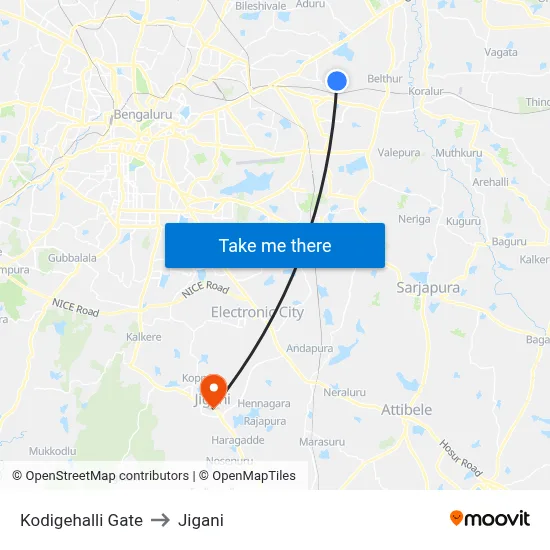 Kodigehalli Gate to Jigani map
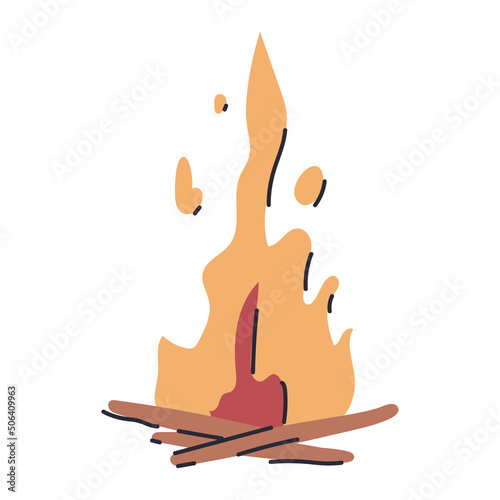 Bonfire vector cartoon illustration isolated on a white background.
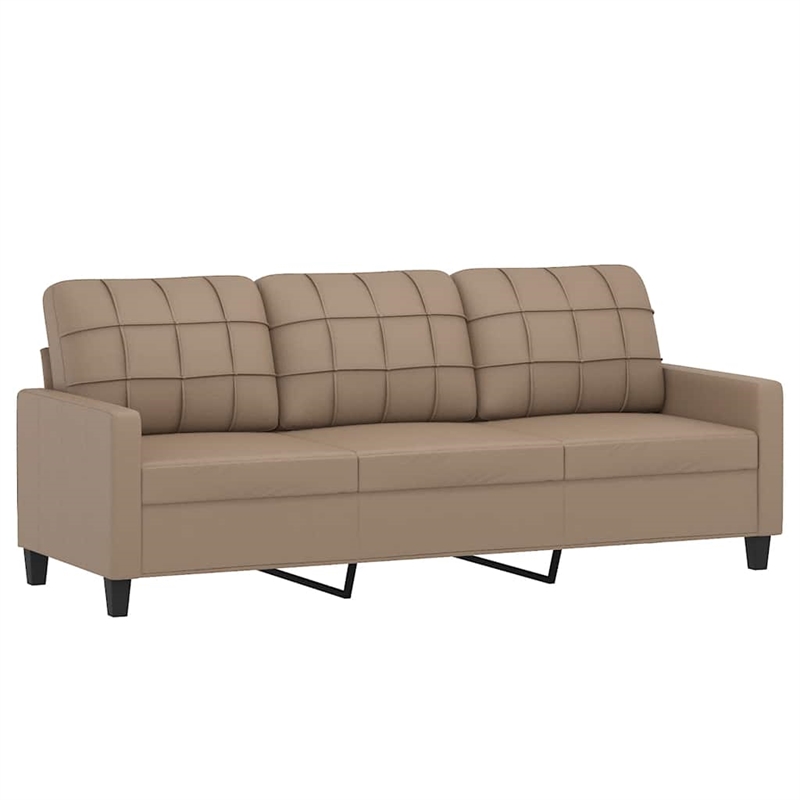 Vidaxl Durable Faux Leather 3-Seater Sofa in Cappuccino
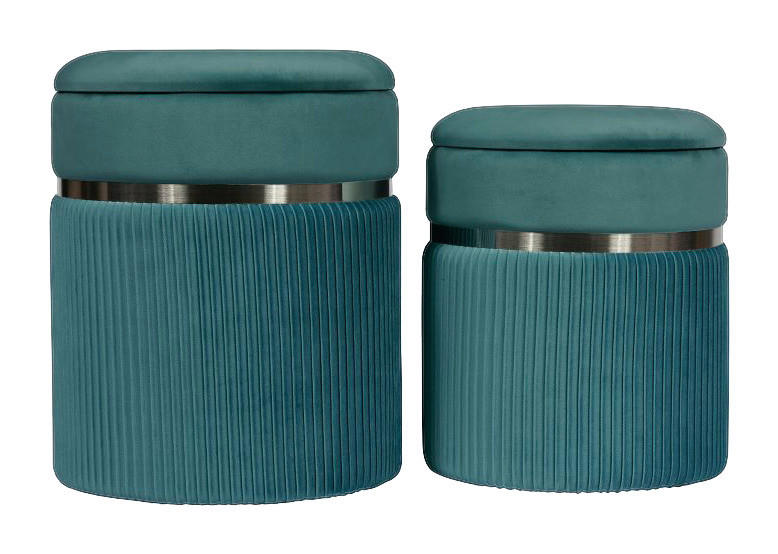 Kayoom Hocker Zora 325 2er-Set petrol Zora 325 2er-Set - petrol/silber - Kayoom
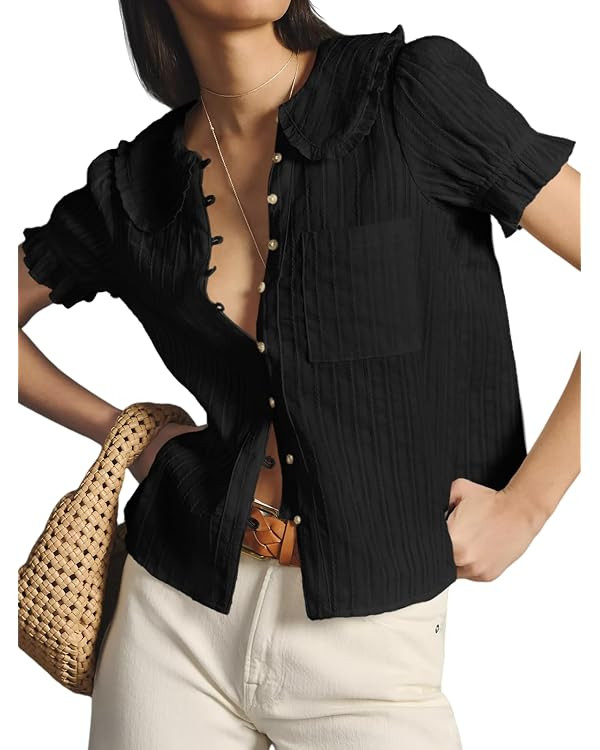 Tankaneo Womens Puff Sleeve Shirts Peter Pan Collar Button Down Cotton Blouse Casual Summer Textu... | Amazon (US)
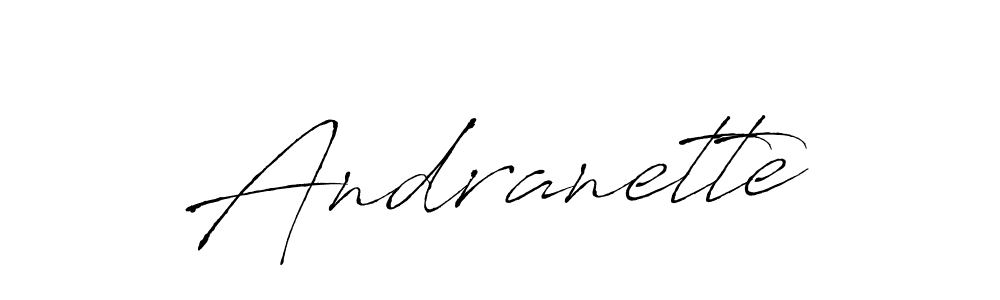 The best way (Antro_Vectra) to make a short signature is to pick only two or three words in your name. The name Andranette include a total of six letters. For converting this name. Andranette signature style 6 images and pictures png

* _Work item_: Give again, exactly as written, the lines from the one with "Tankaneo Womens Puff" through the last line of the entries above, but skip the pictures.

* _Result of the task_:
 Tankaneo Womens Puff Sleeve Shirts Peter Pan Collar Button Down Cotton Blouse Casual Summer Textu... | Amazon (US)
 The best way (Antro_Vectra) to make a short signature is to pick only two or three words in your name. The name Andranette include a total of six letters. For converting this name. Andranette signature style 6 images and pictures png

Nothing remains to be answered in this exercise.